* Information provided:

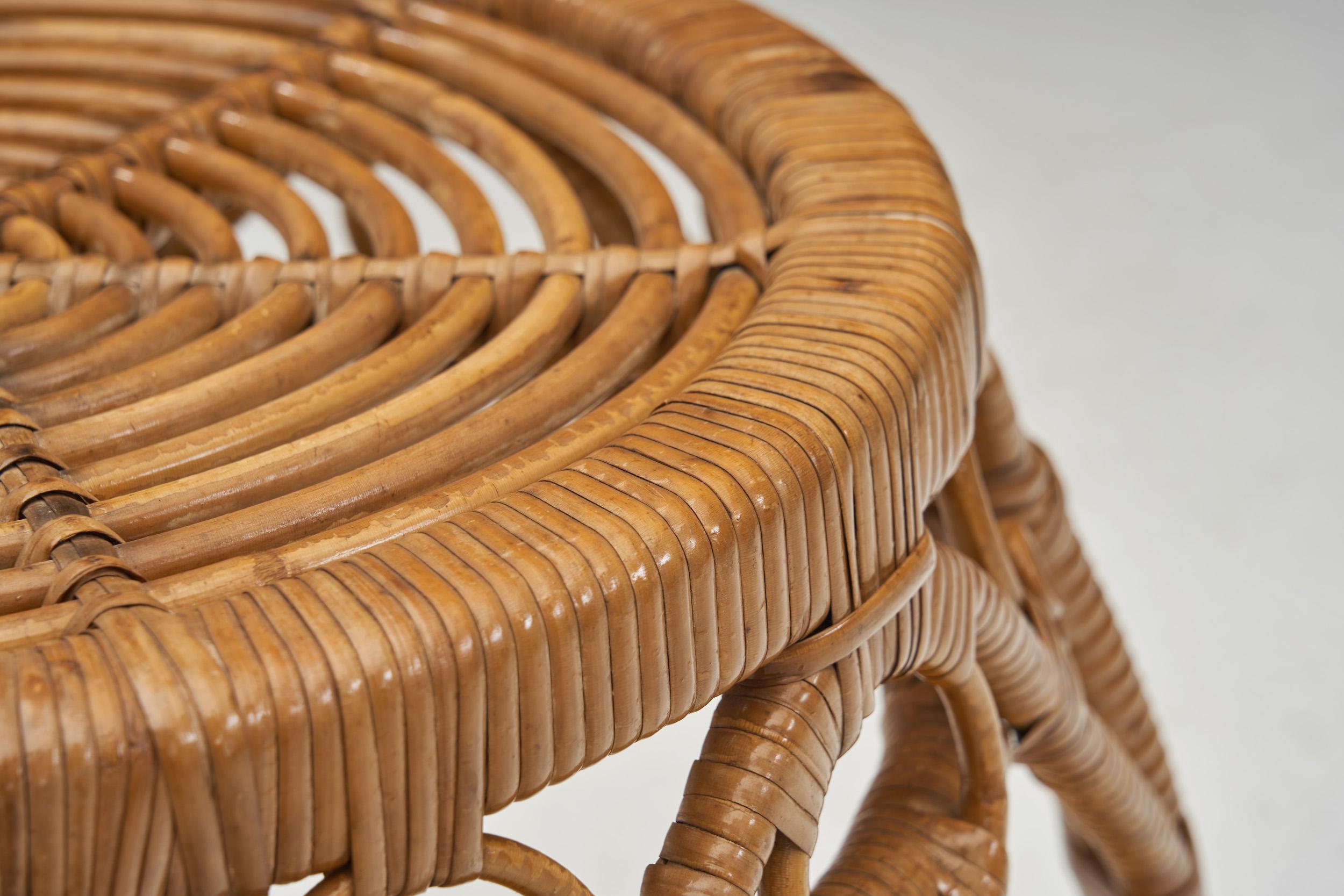 Woven Rattan Stool, Europe Early 20th Century For Sale 7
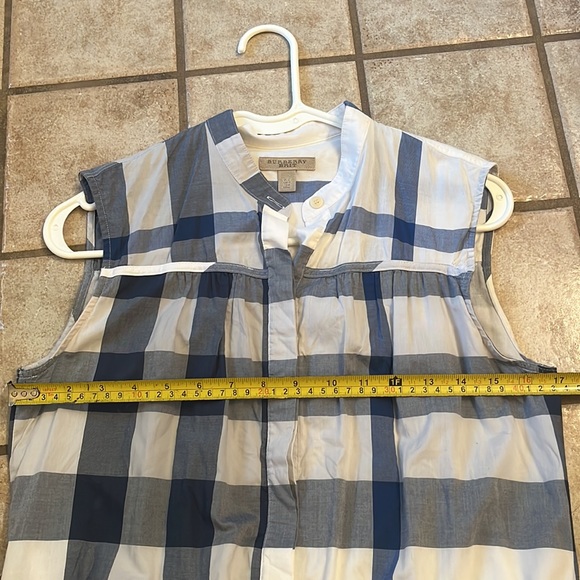 Sleeveless Burberry dress - Picture 7 of 10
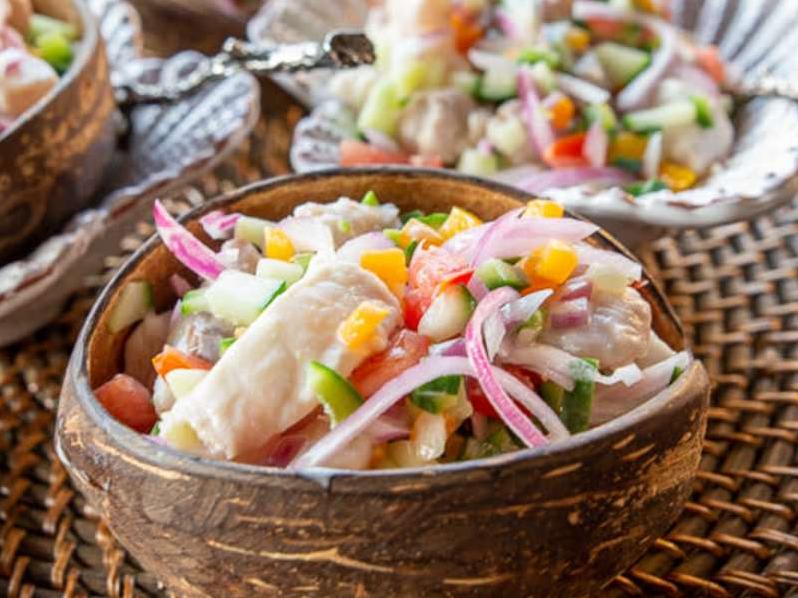  Oka Ita: a cross between a salad and a seafood dish, with a Pacific twist.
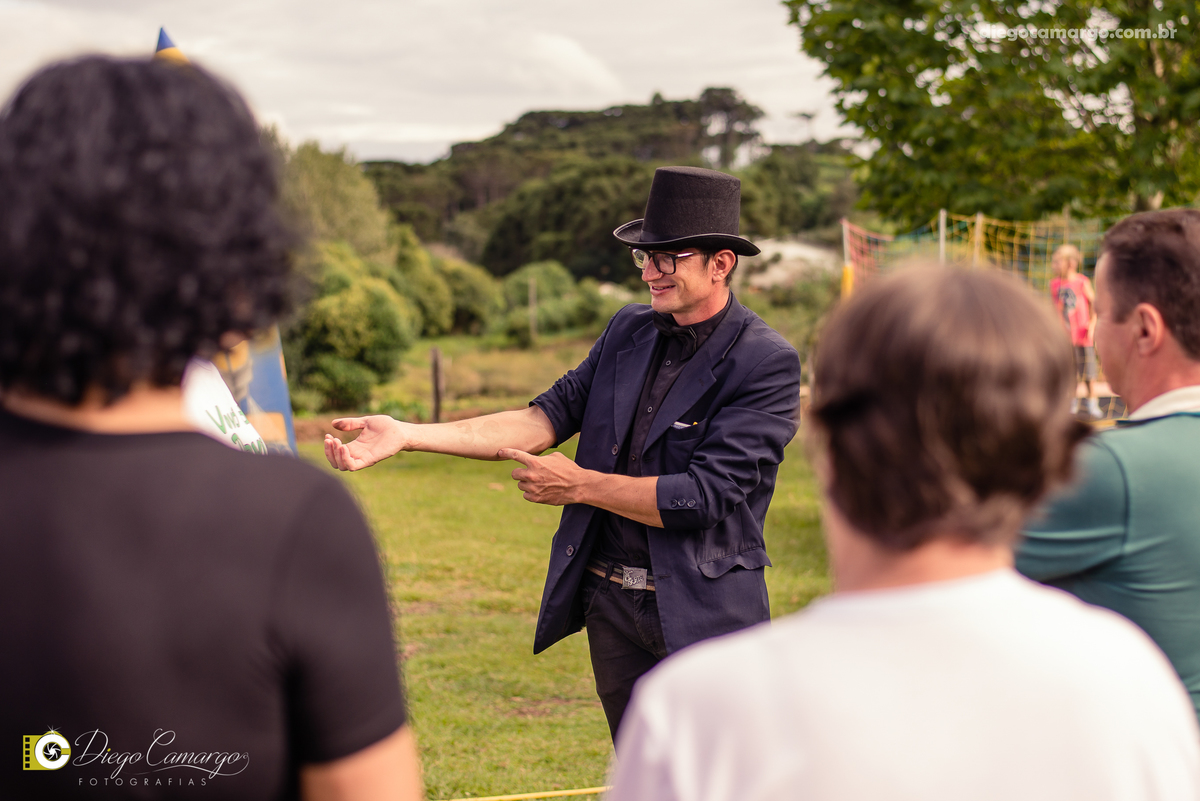 aniversario, quiosque scolaro, cacador, pica pau, linha cara, bolo, presente, docinho, salgado, brincadeira, ferias, festa, criança, pula pula, brigadeiro, decoração, escorrega, mágico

* What is required:
Exactly reproduce the lines beginning at the one that contains "Oka Ita: a cross" and ending at the final line of the material, with the pictures left out.

* Response box:
  Oka Ita: a cross between a salad and a seafood dish, with a Pacific twist.
 aniversario, quiosque scolaro, cacador, pica pau, linha cara, bolo, presente, docinho, salgado, brincadeira, ferias, festa, criança, pula pula, brigadeiro, decoração, escorrega, mágico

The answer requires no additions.